* Input records
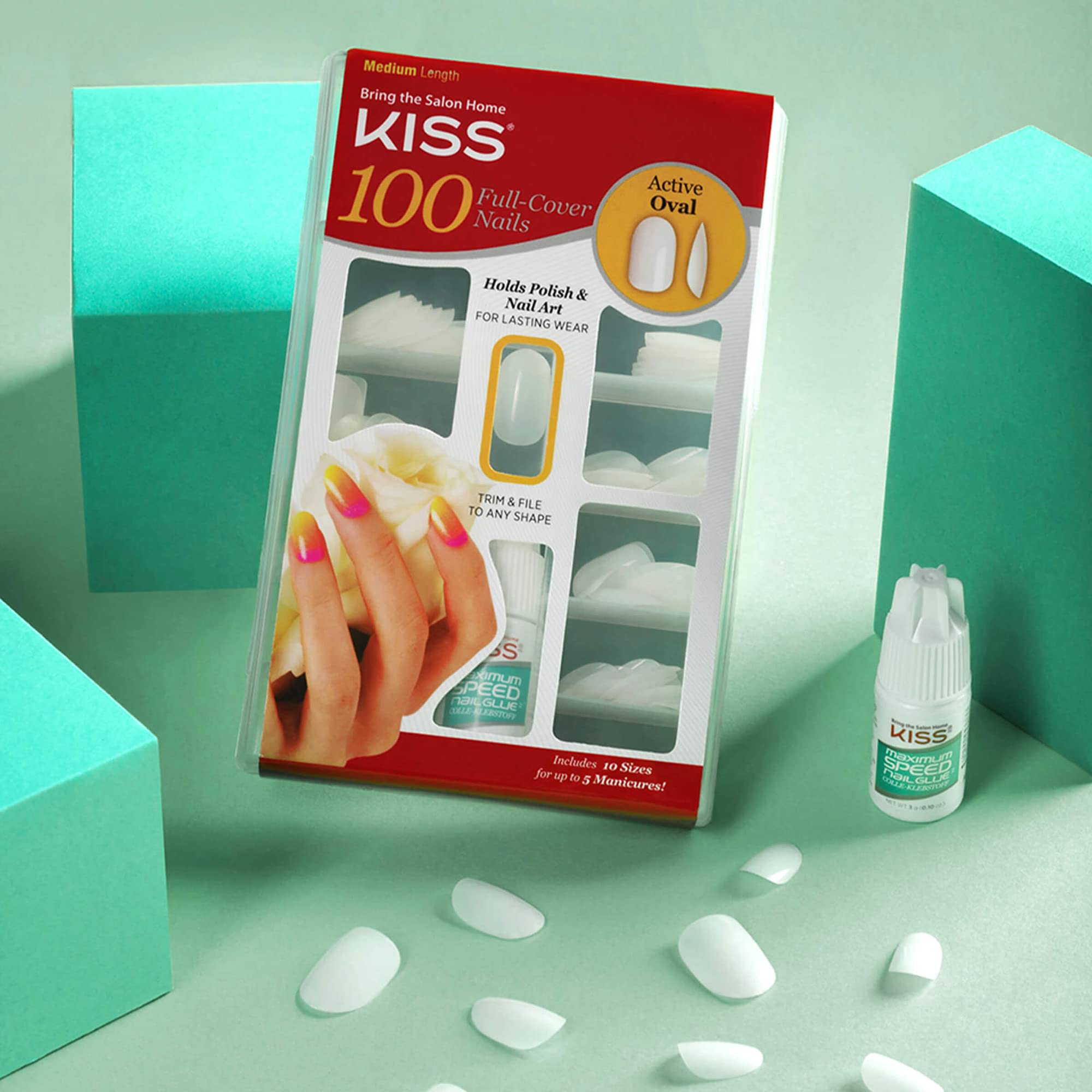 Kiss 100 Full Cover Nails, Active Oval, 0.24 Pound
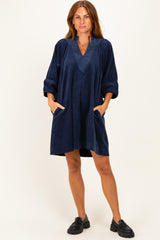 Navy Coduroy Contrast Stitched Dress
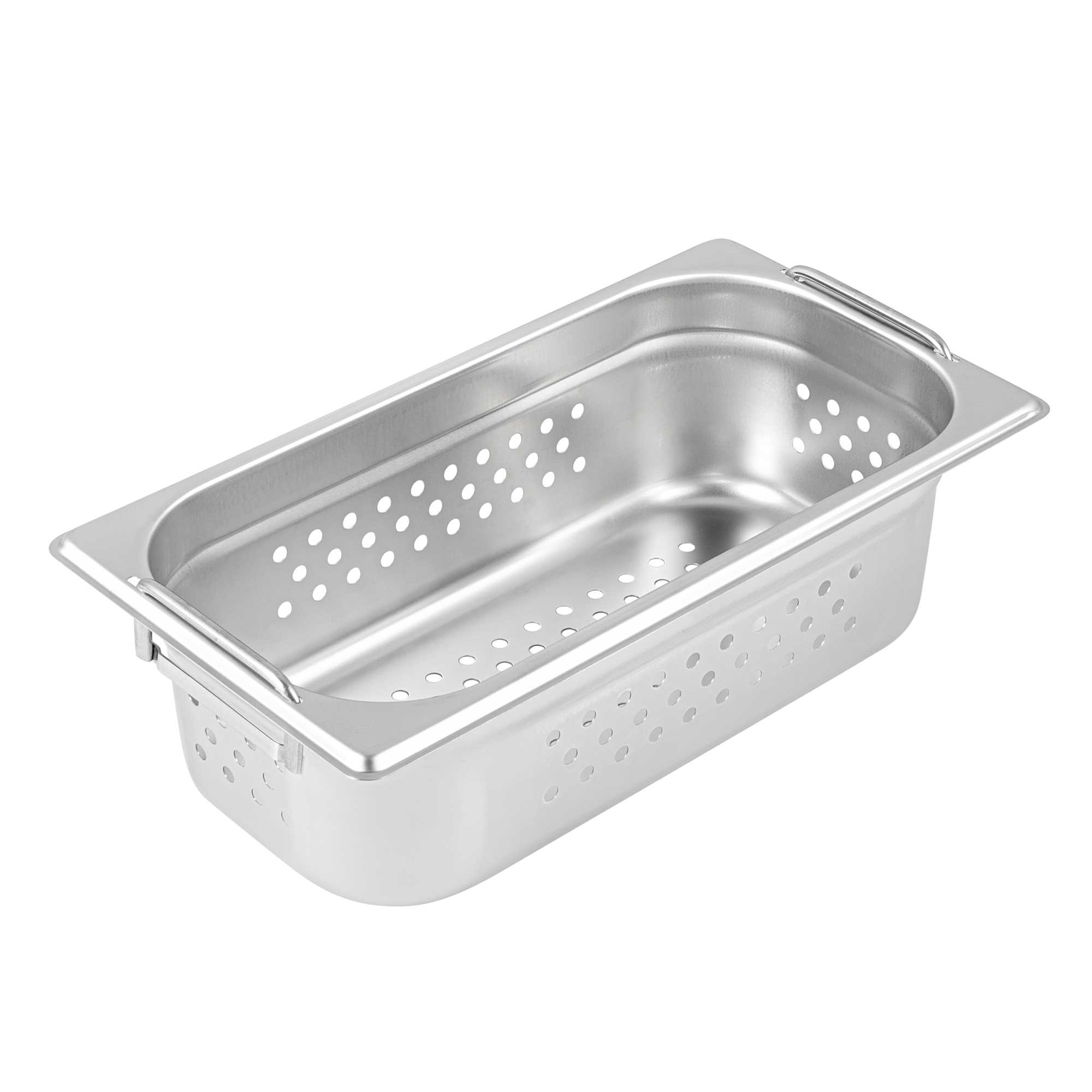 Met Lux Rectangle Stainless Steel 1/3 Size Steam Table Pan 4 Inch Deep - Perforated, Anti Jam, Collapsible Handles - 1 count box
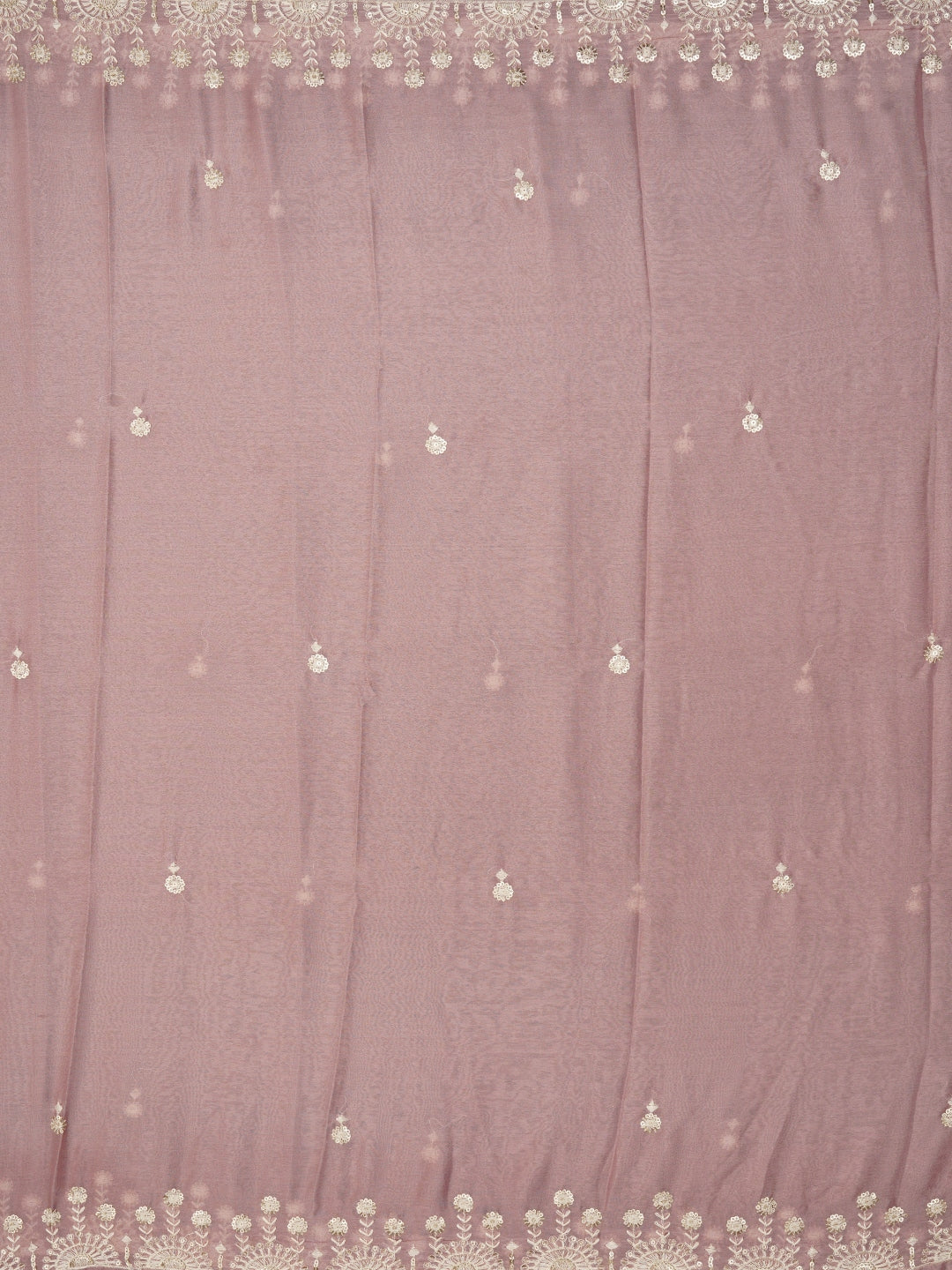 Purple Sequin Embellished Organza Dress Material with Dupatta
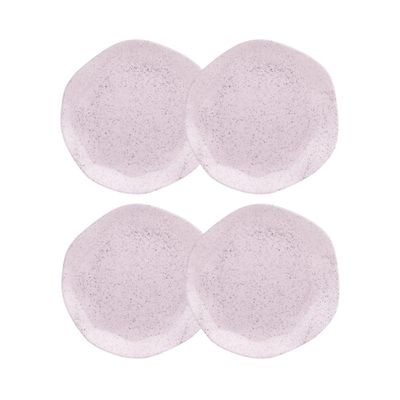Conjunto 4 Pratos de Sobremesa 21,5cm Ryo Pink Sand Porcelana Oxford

--

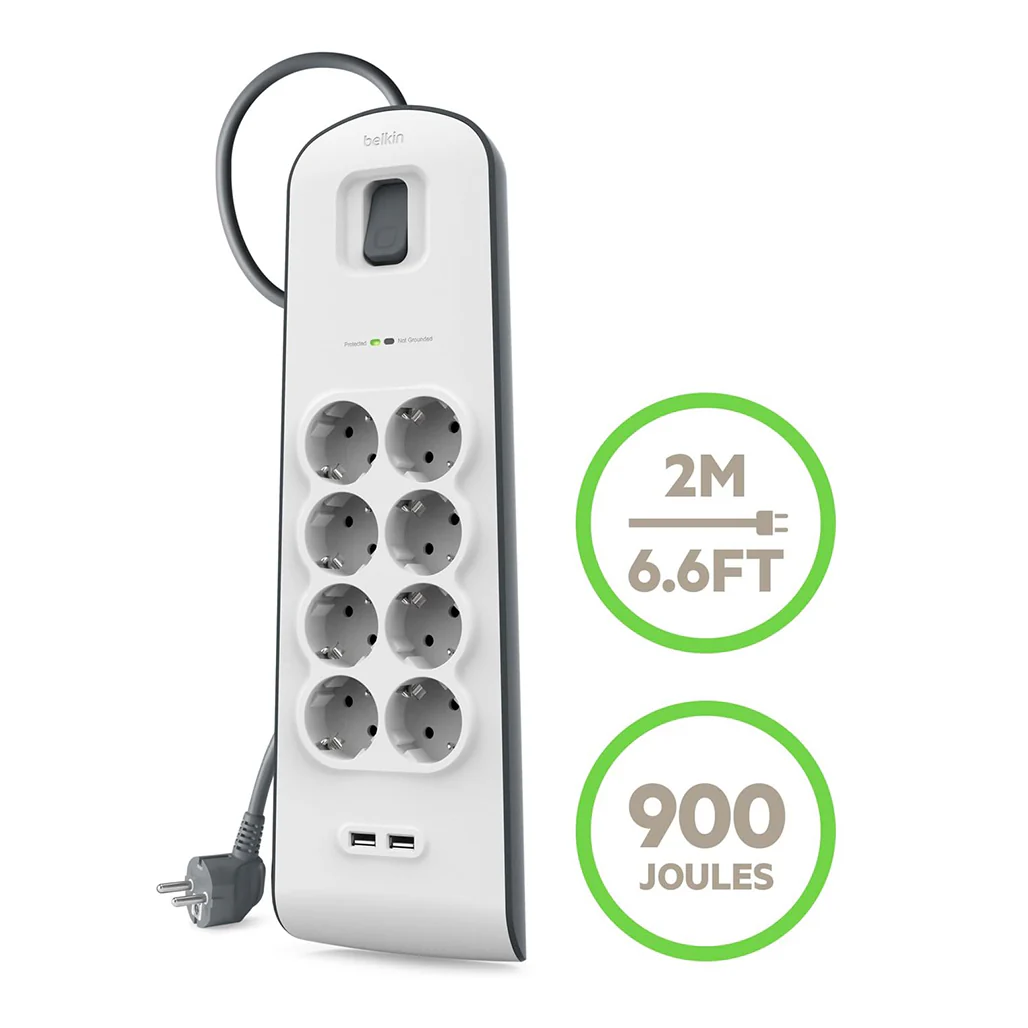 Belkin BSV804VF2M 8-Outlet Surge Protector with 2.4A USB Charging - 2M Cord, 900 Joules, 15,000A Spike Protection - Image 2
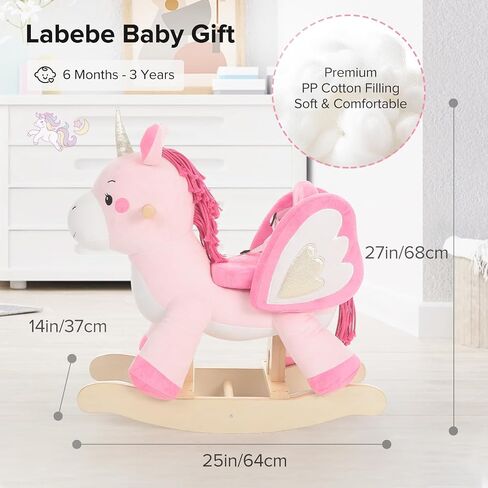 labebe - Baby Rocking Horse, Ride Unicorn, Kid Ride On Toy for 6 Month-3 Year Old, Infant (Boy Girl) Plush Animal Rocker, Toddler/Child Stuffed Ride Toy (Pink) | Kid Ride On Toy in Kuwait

* Task prompt
From the records above, copy only the lines running from the line holding "Belkin BSV804VF2M 8-Outlet" through the line holding "labebe - Baby", with no pictures.

* Result of the exercise
 Belkin BSV804VF2M 8-Outlet Surge Protector with 2.4A USB Charging - 2M Cord, 900 Joules, 15,000A Spike Protection - Image 2
 labebe - Baby Rocking Horse, Ride Unicorn, Kid Ride On Toy for 6 Month-3 Year Old, Infant (Boy Girl) Plush Animal Rocker, Toddler/Child Stuffed Ride Toy (Pink) | Kid Ride On Toy in Kuwait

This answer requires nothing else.